Victoria's Secret CEO Jan Singer has resigned amid a sales slump and competition from young companies challenging the brand's grip on the lingerie industry.
John Mehas, now the president of Tory Burch, will take over as CEO of Victoria's Secret Lingerie early next year, the company said.
Sales at Victoria's Secret stores that have been open for at least a year dropped 6% last quarter. Victoria's Secret has close to 1,000 stores in the United States, many of them tied to struggling malls.
Last year, Victoria Secret's same-store sales in North America fell 8% in part because of the company's decision to stop selling swimwear and clothing.
"Our number one priority is improving performance at Victoria's Secret Lingerie and PINK," said Leslie Wexner, Chairman and CEO of L Brands. "We could not be more excited for [Mehas] to lead Victoria's Secret Lingerie to a new phase of success."
Singer took over in 2016 after a stint at Spanx. She worked at Nike (NKE) for more than a decade.
Victoria's Secret has been struggling to keep up with changing consumer tastes. Flashy fashion shows, push-up bras and celebrity models aren't drawing people in like they used to. Instead, women are clamoring for more products with a better fit.
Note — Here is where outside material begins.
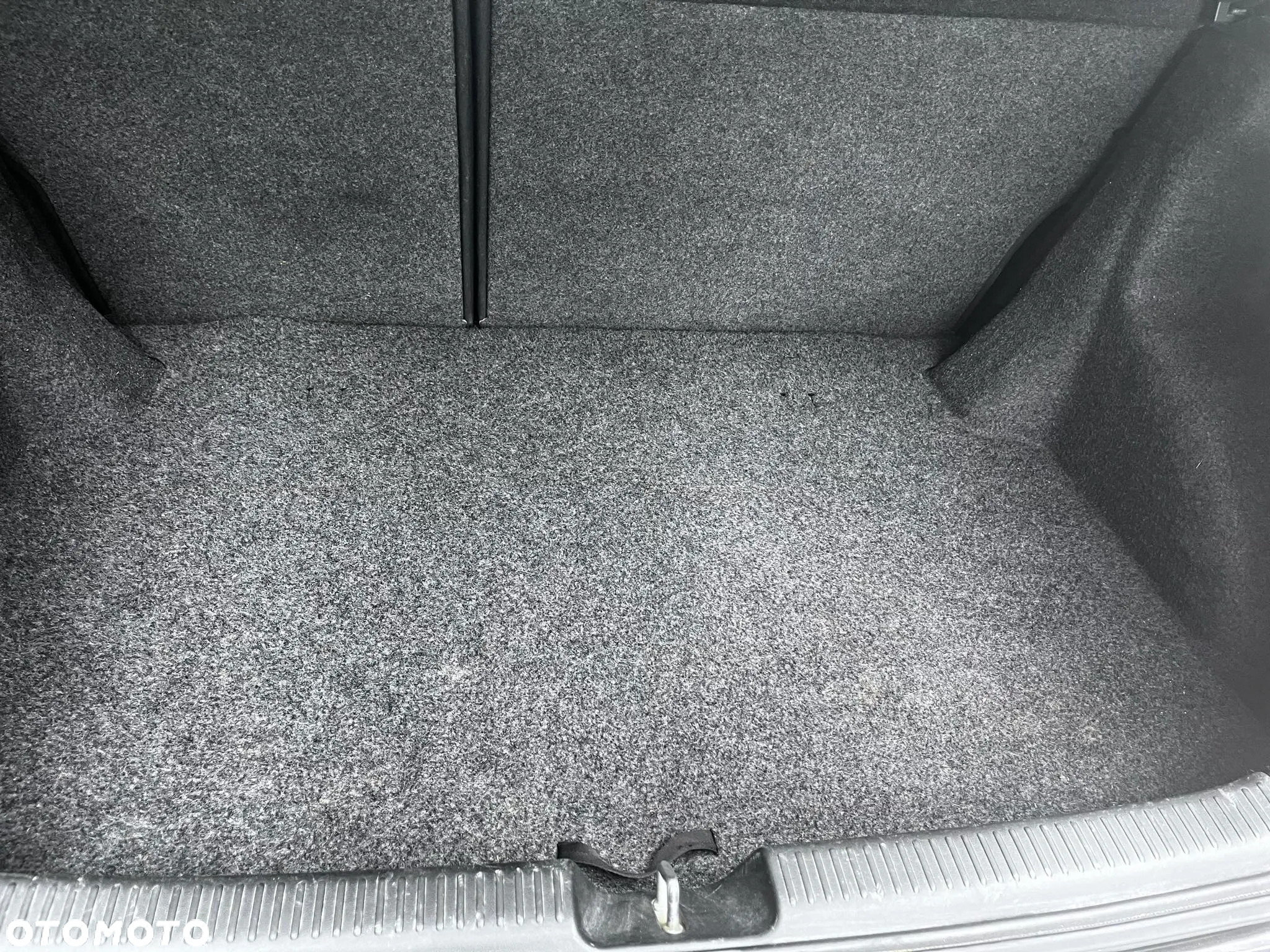Toyota Corolla 1.4 D-4D Dynamic - 8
Online stores like ThirdLove, Lively and True & Co. are using tech and harnessing data to offer custom sizes and new products.
Other parts of the L Brands business have been struggling. The companyannounced in September that it is closing Bendel's website and all 23 of its stores, including the store's iconic Fifth Avenue location in New York, in January 2019 because of sluggish sales.
A change in Victoria's Secret leadership may not be enough to convince experts that L Brands is turning itself around.
"Jan was not the problem," Jefferies analyst Randal Konik wrote last week following rumors of Singer's exit. "The real problem is the VS brand is not resonating with consumers, its pricing power is gone, its market share is under permanent attack, and the business is over-stored."